The problem: Below are some records. Retype exactly the lines from the one containing "STANDARD *138" through the one containing "Os Seguintes Dados", both included, skipping every picture.

[[ Entries supplied, beginning ]]

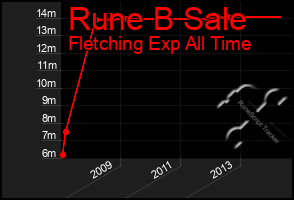 Total Graph of Rune B Sale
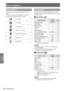 Page 36Menu Navigation
36 - ENGLISH
Settings
MAIN MENU
The main menu consists of the following 7 menu 
items.
When a main menu item is selected, the screen 
changes to a sub-menu selection screen.
PICTURE
POSITION
LANGUAGE
DISPLAY OPTION
PROJECTOR SETUP
SECURITY
NETWORK
SUB MENU
The sub-menu screen of the selected main menu 
appears, and you can set and adjust the various items 
in the sub-menu.
 
JPICTURE [  ]
Sub-menu item Factory 
default Page
PICTURE MODE
STANDARD *138
CONTRAST 0 38
BRIGHTNESS 0 38
COLOR 0...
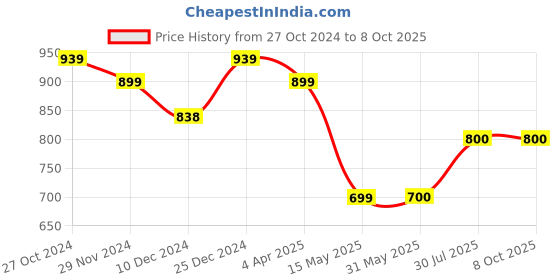 firstcry.com Superminis Full Sleeves Sequin Embellished Kurta With Pyjama - Yellow superminis Price History Graph from 27 Oct 2024 to 8 Oct 2025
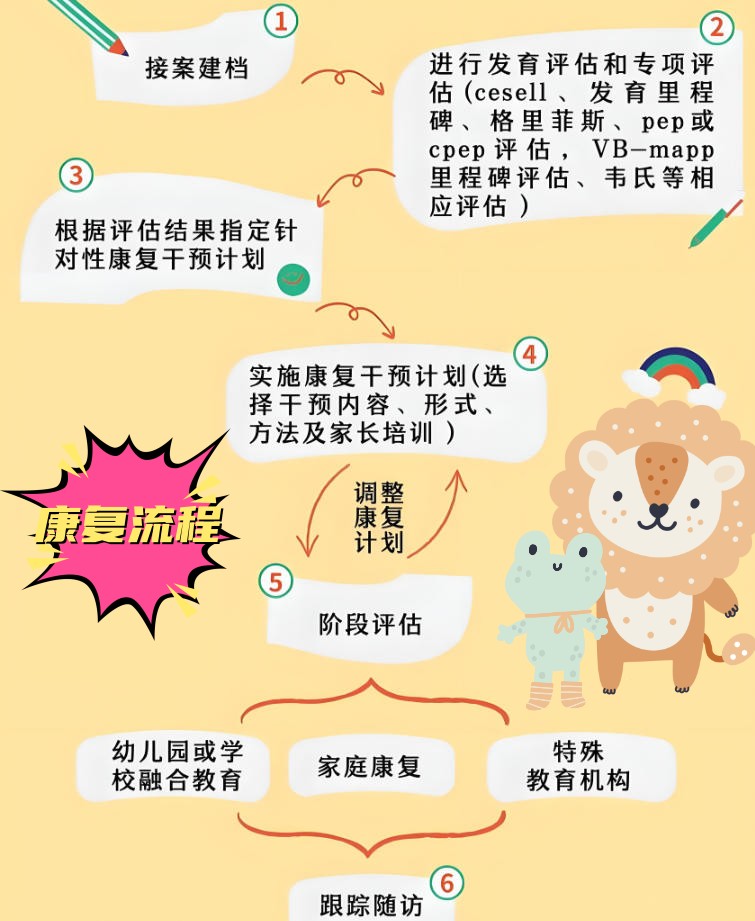 特殊儿童康复机构 特殊儿童康复机构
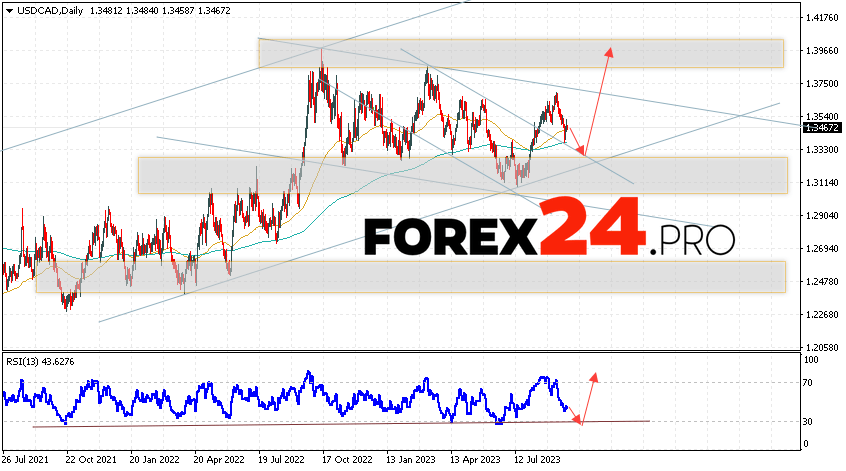 USD/CAD Weekly Forecast September 25 — 29, 2023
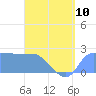 Ifalik Atoll tide chart for Monday, June 10, 2024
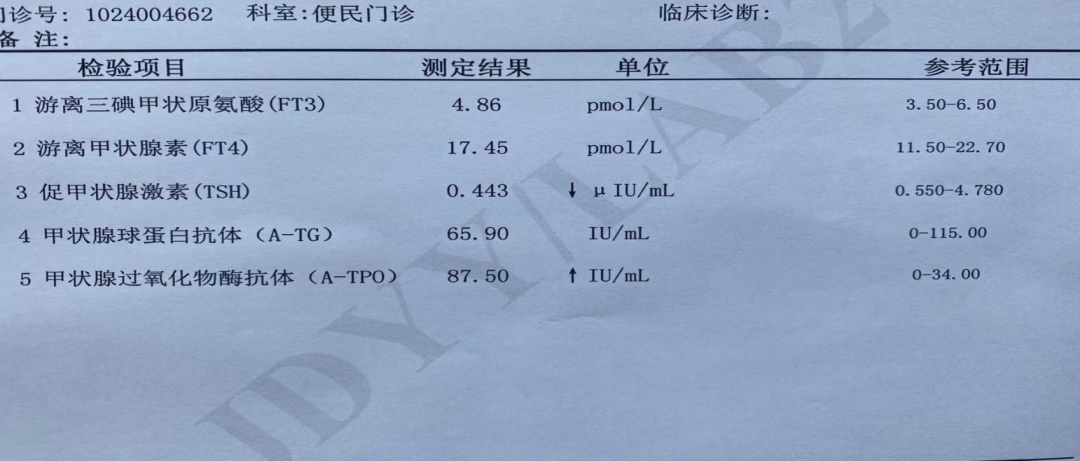 甲状腺癌术后 补硒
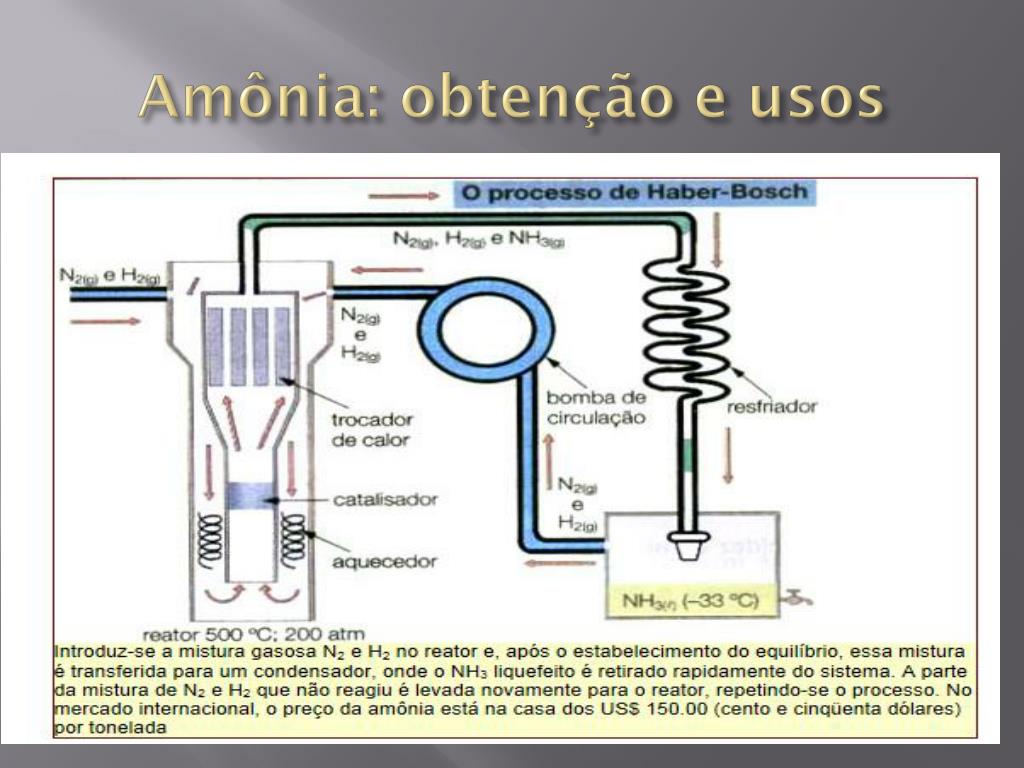 Os Seguintes Dados Referem Se A Decomposicao Da Amonia
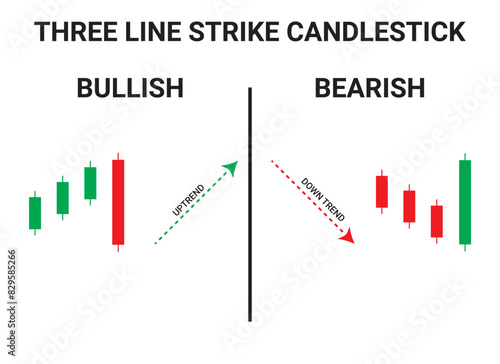 Bullish and Bearish Three-Line Strike Candlestick Chart Patterns for Trading. Japanese candlestick pattern crypto trading analytics. Cryptocurrency Bullish and Bearish chart pattern. Vector graph.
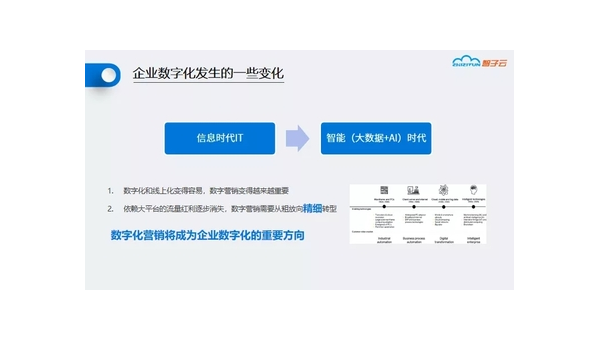 来宾定制软件开发定做：企业数字化转型的关键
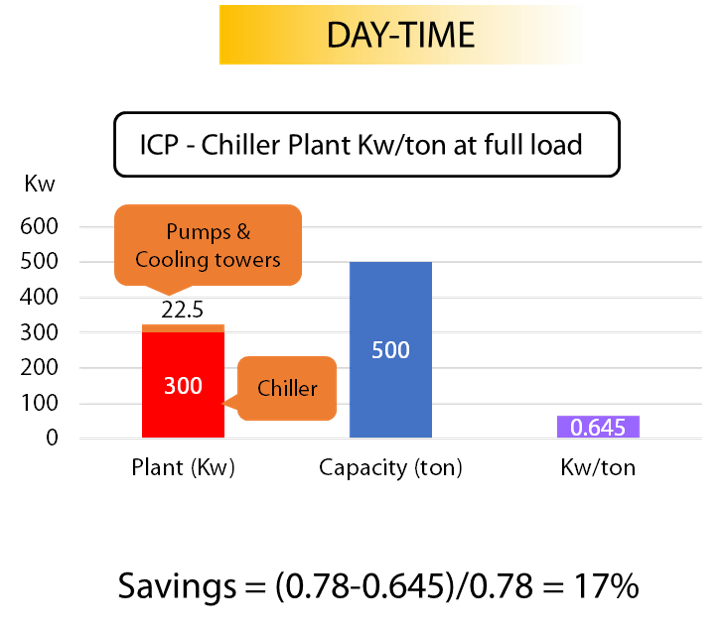 daytime_eff_icp daytime_eff_icp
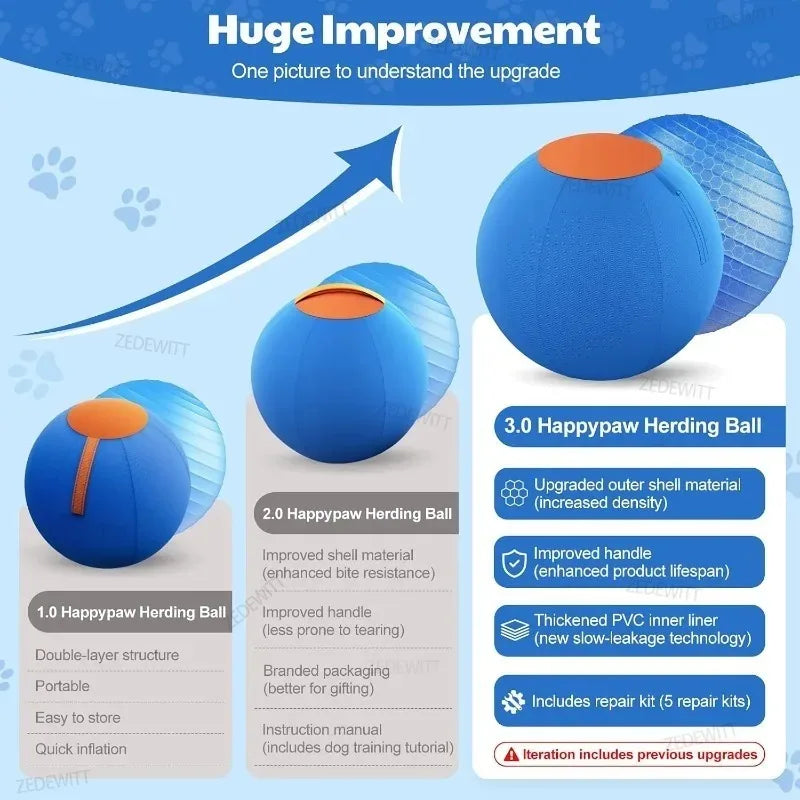 The AeroBounce™ Inflatable Interactive Dog Ball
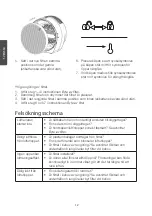 Preview for 12 page of CO/Tech HS-KJ150A Manual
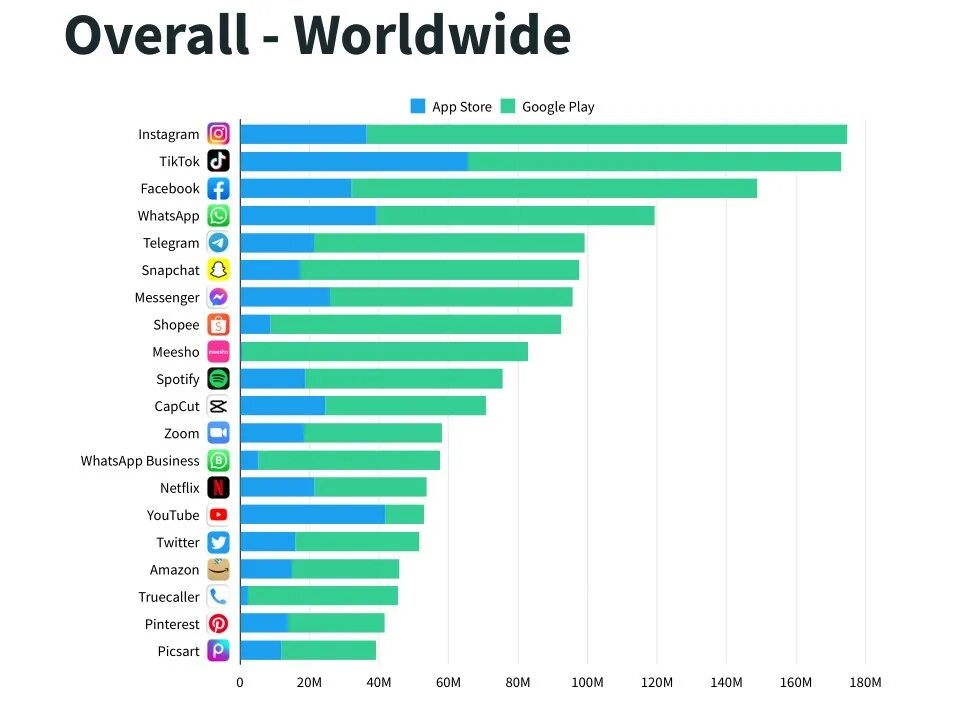 Страны в мире. Все страны в мире. Топ стран пользователей Инстаграм. Самое популярное приложение в мире 2022 года.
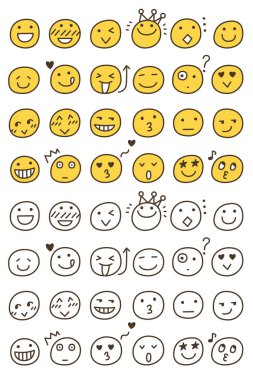 El Çizimi Çeşitli Duygu Karalamaları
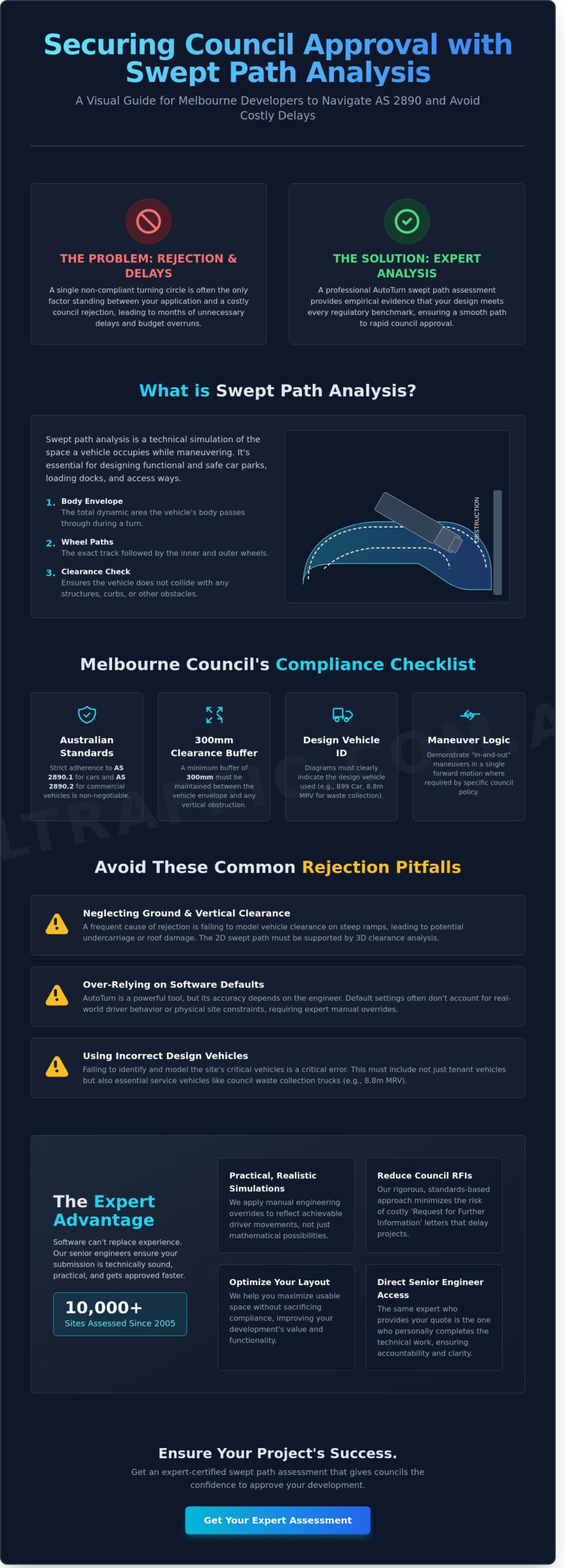 AutoTurn Swept Path in Melbourne: A Guide to Council Compliance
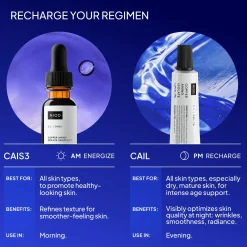 NIOD Copper Amino Isolate Serum 3 1:1 - 15ml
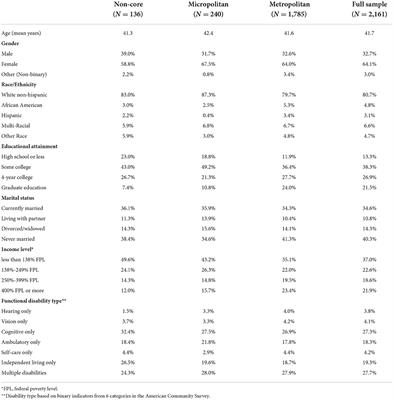 Examining rural-urban disparities in perceived need for health care services among adults with disabilities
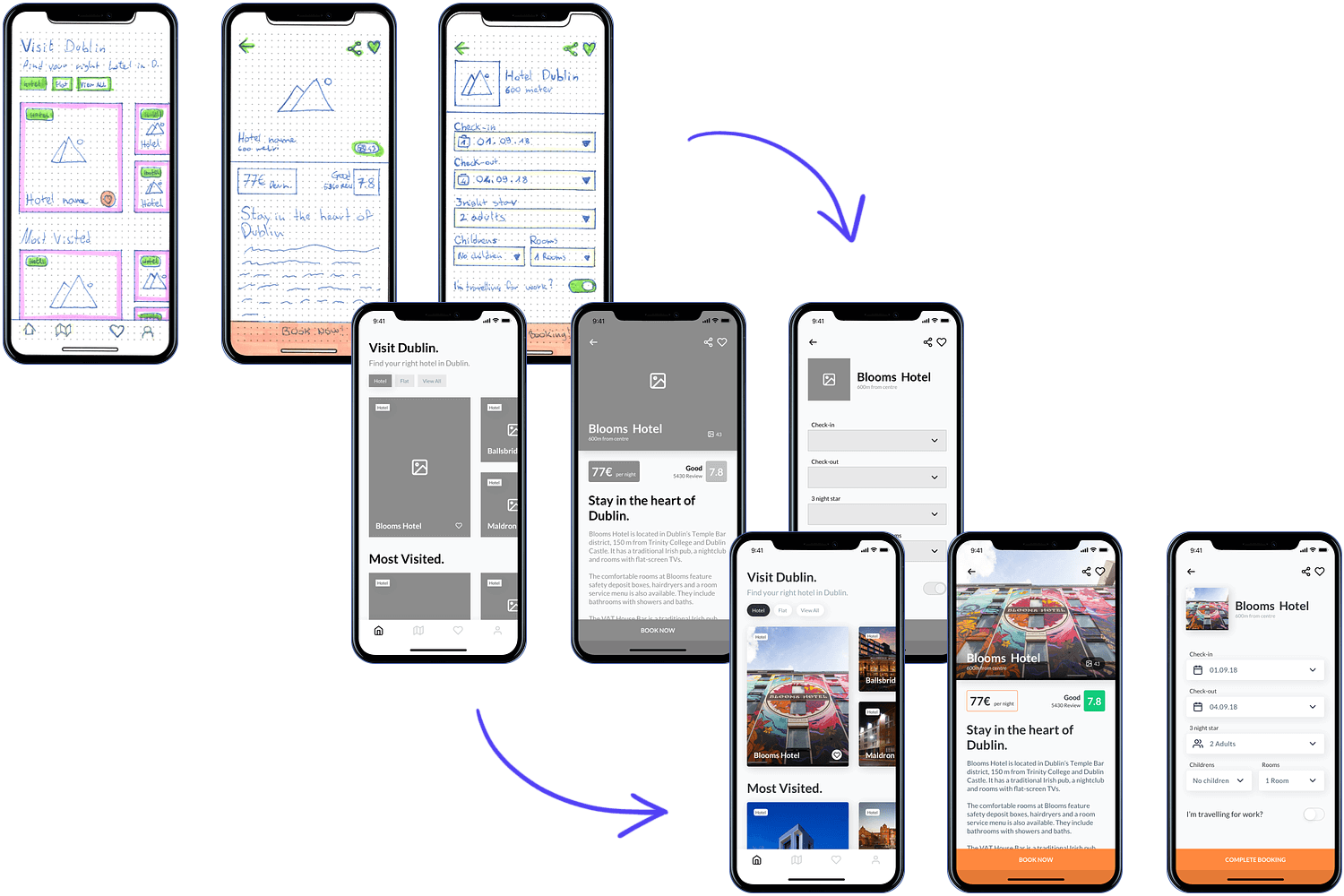 Sketches of a mobile app interface showing menu navigation, user profile, and profile verification pages.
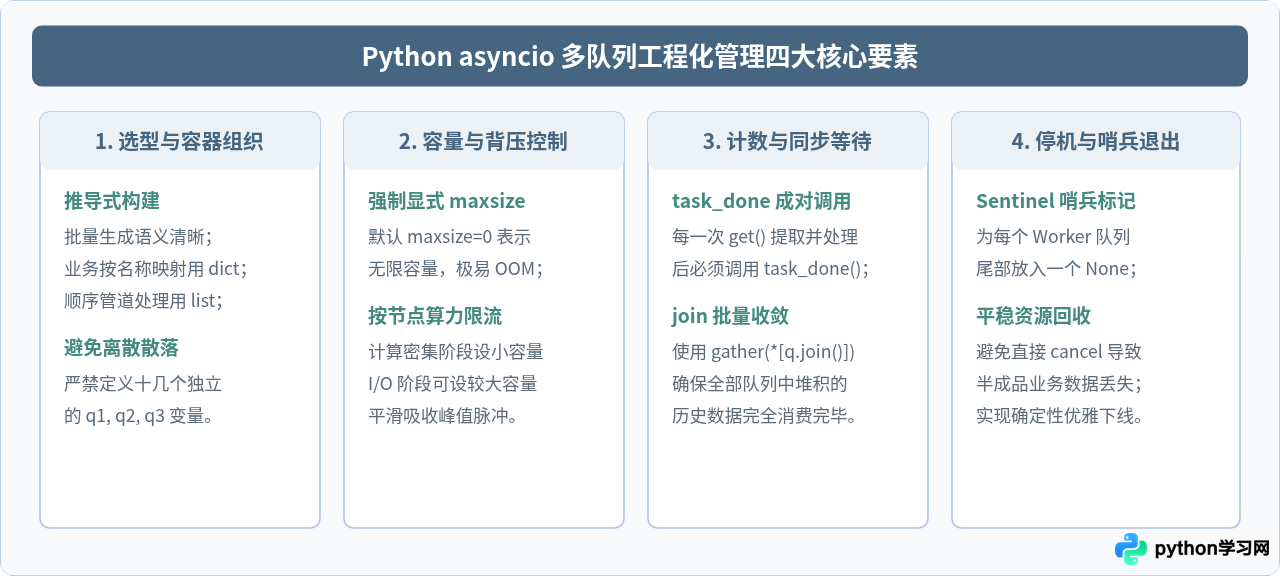 Python asyncio中怎么初始化多个异步队列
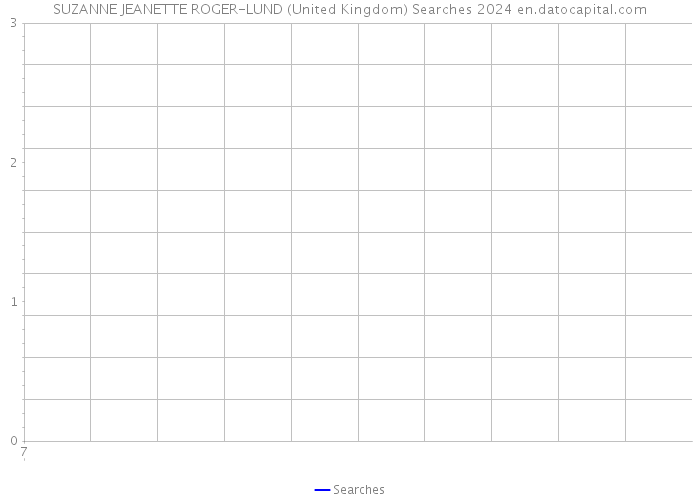 SUZANNE JEANETTE ROGER-LUND (United Kingdom) Searches 2024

[[ Entries supplied, end ]]

Response to this task:
STANDARD *138
CONTRAST 0 38
BRIGHTNESS 0 38
COLOR 0...
 firstcry.com Superminis Full Sleeves Sequin Embellished Kurta With Pyjama - Yellow superminis Price History Graph from 27 Oct 2024 to 8 Oct 2025
 特殊儿童康复机构 特殊儿童康复机构
 USD/CAD Weekly Forecast September 25 — 29, 2023
 Ifalik Atoll tide chart for Monday, June 10, 2024
 甲状腺癌术后 补硒
 Os Seguintes Dados Referem Se A Decomposicao Da Amonia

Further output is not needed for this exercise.